エッセイを読む

2020年04月

あさひはのぼる

 新型コロナウィルス拡散防止のため、市内の小・中学校は臨時休業中だ。旭は小5になり仲良しと一緒になって喜んでいたが、4月末まで休業になったため、友達と過ごす時間がなくなり可哀そうに思う。3月からだから2ヶ月になる。5月の運動会も中止になった。授業再開の目処が立てられないもどかしさは家庭も教育現場も同じだろう。国や経済の動向もさることながら、長期化を想定した大衆の心象心理も気掛かりだし、先日学校から不審者が出没したのでご注意くださいとのメールが届いた。メールも便利だが長い休業なので、「お子さんはお元気ですか」と一言連絡頂くだけでも安心するのだが・・・。

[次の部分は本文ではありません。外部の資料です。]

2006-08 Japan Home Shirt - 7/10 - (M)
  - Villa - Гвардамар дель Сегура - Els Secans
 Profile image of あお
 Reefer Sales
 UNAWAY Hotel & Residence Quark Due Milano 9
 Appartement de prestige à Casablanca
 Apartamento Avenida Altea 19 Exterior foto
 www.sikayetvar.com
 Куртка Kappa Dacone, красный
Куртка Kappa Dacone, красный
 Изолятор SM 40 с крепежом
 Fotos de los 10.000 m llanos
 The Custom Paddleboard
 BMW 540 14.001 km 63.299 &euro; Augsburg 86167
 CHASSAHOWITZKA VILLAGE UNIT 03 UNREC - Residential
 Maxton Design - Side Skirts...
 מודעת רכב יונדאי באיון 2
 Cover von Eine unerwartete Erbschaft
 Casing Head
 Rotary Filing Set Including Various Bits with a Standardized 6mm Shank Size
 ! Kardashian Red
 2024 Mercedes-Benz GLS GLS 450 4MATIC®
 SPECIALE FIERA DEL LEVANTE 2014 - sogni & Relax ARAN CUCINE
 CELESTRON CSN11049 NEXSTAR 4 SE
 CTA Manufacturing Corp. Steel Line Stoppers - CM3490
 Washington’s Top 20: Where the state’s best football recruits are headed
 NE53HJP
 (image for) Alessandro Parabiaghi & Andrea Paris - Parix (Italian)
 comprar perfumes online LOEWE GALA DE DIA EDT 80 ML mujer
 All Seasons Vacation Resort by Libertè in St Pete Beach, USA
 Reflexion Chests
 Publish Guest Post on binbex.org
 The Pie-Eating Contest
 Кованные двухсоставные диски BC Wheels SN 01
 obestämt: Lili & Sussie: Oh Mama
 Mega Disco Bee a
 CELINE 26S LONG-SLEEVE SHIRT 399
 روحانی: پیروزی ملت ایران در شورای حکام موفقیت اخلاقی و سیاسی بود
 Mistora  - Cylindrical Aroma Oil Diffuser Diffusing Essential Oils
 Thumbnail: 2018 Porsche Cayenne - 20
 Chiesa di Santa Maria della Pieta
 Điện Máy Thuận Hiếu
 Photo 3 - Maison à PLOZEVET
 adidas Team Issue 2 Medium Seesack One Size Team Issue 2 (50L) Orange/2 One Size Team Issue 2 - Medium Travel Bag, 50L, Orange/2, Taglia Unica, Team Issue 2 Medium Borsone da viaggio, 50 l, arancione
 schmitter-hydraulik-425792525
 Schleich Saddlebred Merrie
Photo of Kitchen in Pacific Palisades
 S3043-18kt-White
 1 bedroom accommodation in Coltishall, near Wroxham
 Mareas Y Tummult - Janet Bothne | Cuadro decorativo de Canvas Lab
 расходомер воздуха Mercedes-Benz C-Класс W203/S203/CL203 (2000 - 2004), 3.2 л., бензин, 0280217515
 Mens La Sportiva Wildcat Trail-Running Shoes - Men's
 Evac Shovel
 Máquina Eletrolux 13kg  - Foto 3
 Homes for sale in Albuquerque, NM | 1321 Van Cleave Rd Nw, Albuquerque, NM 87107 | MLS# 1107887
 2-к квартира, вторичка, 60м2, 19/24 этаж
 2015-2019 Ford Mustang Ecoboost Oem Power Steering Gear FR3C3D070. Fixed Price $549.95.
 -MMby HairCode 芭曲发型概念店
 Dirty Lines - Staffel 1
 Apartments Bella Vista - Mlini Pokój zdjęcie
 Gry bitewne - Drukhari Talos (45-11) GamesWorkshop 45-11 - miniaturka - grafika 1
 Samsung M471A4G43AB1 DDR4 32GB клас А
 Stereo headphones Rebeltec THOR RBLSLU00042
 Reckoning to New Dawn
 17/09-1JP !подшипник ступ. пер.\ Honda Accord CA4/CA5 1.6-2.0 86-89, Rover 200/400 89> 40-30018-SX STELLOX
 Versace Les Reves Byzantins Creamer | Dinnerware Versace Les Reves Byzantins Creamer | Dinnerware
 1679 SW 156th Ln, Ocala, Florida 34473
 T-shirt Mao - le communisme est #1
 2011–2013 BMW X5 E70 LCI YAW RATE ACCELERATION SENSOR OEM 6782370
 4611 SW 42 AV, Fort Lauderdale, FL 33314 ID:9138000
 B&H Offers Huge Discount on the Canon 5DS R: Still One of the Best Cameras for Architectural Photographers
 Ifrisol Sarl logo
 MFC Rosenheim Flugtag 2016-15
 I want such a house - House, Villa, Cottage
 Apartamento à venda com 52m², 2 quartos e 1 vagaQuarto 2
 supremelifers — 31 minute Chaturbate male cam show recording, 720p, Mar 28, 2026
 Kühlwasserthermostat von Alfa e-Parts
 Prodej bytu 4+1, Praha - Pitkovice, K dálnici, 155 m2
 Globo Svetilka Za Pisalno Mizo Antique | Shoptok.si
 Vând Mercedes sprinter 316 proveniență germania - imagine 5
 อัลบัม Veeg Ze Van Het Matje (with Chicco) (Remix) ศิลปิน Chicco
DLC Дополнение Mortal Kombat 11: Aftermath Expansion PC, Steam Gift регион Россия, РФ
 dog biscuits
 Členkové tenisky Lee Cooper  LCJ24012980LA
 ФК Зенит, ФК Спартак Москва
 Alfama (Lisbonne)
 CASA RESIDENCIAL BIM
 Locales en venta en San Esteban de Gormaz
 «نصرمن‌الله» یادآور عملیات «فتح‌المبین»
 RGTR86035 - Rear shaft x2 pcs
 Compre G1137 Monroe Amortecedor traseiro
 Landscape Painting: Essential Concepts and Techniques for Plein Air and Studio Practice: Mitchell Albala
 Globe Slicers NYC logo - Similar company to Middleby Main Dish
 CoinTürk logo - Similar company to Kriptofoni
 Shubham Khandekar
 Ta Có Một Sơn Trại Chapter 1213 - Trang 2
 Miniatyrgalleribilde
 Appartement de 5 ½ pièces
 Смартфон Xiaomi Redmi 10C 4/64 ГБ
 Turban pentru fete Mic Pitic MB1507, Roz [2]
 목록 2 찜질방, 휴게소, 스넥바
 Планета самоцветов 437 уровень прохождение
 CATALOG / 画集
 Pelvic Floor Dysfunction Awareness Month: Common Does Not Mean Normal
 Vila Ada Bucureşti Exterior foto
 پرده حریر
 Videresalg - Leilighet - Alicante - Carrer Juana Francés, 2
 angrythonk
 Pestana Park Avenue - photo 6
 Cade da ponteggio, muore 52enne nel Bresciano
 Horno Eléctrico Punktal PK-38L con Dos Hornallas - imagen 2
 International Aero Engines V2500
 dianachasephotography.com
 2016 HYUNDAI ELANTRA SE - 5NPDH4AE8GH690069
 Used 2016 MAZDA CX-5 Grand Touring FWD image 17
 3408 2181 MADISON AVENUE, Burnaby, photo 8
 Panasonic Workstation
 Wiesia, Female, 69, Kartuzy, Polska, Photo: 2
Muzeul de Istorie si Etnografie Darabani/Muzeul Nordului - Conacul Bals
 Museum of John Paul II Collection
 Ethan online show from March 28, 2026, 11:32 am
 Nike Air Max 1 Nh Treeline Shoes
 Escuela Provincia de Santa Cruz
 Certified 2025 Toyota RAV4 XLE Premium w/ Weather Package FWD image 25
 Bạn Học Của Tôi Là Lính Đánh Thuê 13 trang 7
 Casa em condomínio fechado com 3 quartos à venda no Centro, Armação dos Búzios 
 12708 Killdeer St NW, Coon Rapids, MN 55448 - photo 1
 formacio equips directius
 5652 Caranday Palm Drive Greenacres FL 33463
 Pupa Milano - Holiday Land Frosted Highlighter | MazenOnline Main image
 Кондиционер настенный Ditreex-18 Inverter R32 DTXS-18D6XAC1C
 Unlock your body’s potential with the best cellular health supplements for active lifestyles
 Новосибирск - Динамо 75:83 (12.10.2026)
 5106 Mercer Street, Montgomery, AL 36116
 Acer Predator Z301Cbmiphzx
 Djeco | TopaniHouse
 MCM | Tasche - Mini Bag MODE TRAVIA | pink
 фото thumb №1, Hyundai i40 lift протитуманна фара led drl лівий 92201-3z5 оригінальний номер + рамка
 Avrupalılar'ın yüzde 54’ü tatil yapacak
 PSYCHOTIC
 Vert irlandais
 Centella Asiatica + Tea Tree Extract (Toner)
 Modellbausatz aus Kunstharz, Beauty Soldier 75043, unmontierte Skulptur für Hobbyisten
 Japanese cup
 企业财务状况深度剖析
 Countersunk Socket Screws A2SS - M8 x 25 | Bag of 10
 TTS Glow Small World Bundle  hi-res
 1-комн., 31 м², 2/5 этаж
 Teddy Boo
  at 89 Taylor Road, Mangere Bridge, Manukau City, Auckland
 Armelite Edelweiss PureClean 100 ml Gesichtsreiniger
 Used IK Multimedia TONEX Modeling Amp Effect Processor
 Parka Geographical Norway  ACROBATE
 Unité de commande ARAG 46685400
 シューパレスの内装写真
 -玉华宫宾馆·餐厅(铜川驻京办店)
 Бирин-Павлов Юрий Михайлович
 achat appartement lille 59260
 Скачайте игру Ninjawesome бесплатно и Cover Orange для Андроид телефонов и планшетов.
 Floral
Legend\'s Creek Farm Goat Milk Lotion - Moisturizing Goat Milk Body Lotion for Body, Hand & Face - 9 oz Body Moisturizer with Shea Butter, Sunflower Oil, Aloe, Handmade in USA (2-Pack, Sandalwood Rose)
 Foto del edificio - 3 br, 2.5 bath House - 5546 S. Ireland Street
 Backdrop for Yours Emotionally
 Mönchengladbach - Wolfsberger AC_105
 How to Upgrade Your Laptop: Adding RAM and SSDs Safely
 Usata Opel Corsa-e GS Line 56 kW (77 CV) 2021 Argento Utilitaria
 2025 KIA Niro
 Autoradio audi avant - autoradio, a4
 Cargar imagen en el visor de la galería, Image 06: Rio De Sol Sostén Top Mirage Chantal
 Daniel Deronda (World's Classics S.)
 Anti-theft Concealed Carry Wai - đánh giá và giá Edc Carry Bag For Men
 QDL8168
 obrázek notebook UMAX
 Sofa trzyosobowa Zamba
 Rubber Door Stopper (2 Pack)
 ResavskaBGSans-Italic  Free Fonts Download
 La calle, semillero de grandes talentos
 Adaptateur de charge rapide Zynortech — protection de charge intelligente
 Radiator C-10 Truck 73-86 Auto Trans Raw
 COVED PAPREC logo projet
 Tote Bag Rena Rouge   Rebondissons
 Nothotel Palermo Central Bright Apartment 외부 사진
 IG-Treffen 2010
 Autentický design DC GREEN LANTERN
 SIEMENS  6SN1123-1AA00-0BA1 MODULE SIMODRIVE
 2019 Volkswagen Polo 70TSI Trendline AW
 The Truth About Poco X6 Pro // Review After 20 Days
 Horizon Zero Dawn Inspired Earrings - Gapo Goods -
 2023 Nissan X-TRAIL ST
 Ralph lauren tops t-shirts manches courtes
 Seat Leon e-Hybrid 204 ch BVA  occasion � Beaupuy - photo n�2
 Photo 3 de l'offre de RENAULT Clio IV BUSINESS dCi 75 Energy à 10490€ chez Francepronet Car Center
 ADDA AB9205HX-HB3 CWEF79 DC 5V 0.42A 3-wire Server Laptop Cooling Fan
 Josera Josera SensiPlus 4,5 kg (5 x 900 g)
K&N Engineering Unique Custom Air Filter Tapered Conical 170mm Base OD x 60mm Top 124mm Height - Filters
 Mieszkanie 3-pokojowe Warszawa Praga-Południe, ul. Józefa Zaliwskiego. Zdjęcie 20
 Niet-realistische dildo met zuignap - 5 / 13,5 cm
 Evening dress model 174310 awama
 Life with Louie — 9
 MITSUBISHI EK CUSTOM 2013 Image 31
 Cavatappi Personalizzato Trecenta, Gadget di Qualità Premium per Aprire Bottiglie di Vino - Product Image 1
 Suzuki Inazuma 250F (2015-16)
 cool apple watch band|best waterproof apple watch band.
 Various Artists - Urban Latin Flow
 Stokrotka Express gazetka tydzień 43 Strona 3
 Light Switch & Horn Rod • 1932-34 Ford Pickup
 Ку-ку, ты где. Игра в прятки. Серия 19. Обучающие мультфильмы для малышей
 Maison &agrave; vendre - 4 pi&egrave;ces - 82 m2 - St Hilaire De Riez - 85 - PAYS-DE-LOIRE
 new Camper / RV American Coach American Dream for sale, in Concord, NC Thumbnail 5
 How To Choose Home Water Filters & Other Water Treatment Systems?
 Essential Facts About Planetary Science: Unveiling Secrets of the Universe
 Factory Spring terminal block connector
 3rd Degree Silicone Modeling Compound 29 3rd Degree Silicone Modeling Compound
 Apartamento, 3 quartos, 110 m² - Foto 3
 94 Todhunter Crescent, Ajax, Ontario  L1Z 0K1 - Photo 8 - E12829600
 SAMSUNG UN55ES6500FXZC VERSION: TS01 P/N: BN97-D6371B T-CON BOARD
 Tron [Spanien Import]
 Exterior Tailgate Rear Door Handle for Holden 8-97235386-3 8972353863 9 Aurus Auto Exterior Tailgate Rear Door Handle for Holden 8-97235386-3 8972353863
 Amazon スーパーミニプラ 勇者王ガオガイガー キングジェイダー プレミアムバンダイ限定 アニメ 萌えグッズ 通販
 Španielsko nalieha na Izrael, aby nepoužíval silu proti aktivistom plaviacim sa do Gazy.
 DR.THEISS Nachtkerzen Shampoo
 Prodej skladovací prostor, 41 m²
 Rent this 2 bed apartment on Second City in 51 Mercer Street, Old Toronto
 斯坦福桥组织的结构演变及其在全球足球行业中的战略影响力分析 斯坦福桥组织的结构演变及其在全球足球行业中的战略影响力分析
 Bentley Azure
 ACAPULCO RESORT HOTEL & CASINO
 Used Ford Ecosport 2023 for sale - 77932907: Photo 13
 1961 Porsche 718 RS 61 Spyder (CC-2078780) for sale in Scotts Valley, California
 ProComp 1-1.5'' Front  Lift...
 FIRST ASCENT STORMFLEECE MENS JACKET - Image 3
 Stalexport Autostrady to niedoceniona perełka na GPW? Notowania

 私は開店休業中みたいなものなので児童クラブに旭を預けずに家で一緒に過ごしている。心身ともに健康でいるように規則正しい生活を心掛け、朝の縄跳びやYouTubeのダンスを一緒に踊ったり、絵を描かせたり4年生の復習などをさせて「楽しく」過ごす工夫をしている。旭も北九州市の高校生梅田明日佳君を見習って自学ノートを始めた。自分が気になる新聞記事を切り抜きノートに貼って、パソコンや本で調べたことやイラストを添えている。大したもんだ。学校からは新しい教科書を見ておくように言われているので、この日は社会の勉強をさせた。テーマは世界地図。折角だから以前広場で購入した「世界のシェー!!」を開きながら色々な国を探した。アメリカ、ドイツ、インド、ベトナム、パキスタン、ラオス、中国、スペイン、クロアチア、勿論おフランスも。世界の国々の多様な民族が、街角で、海岸で、草原や寺や砂漠で、銃痕の残る瓦礫の上で、何とも得体の知れないキテレツなポーズをとり、写真家の平沼正弘さんが写している。世界が「シェー!」で繋がったような本だ。ページをめくりながら想像して、妄想して、思いを巡らす・・・「みんな元気だろうか・・・」

 挨拶代わりにシェーをキメて、おやすみ前に「これでいいのだ!」と納得できたなら、世界はもっと近くなるような気がした。冷静と寛容な社会でありたいものだが、このご時世にあっては流石のイヤミも一言モノ申すであろうか。

 「チミたち、いいかげんにするざんす!!」

 お粗末(おそ松)さまでした。

  
昇より

山中昇プロフィール

1971年7月14日生まれ。 地元下関の高校を卒業後、東京の大学に進学&卒業。雑誌編集の仕事と、劇団員を経験したのち地元に戻り、1998年地元下関に開局したComeon! FMに勤務。制作部長として番組制作に取り組む。
2008年FM開局当初から一緒に番組を担当していたパーソナリティーと結婚。2010年3月長男旭誕生。1児の父となる。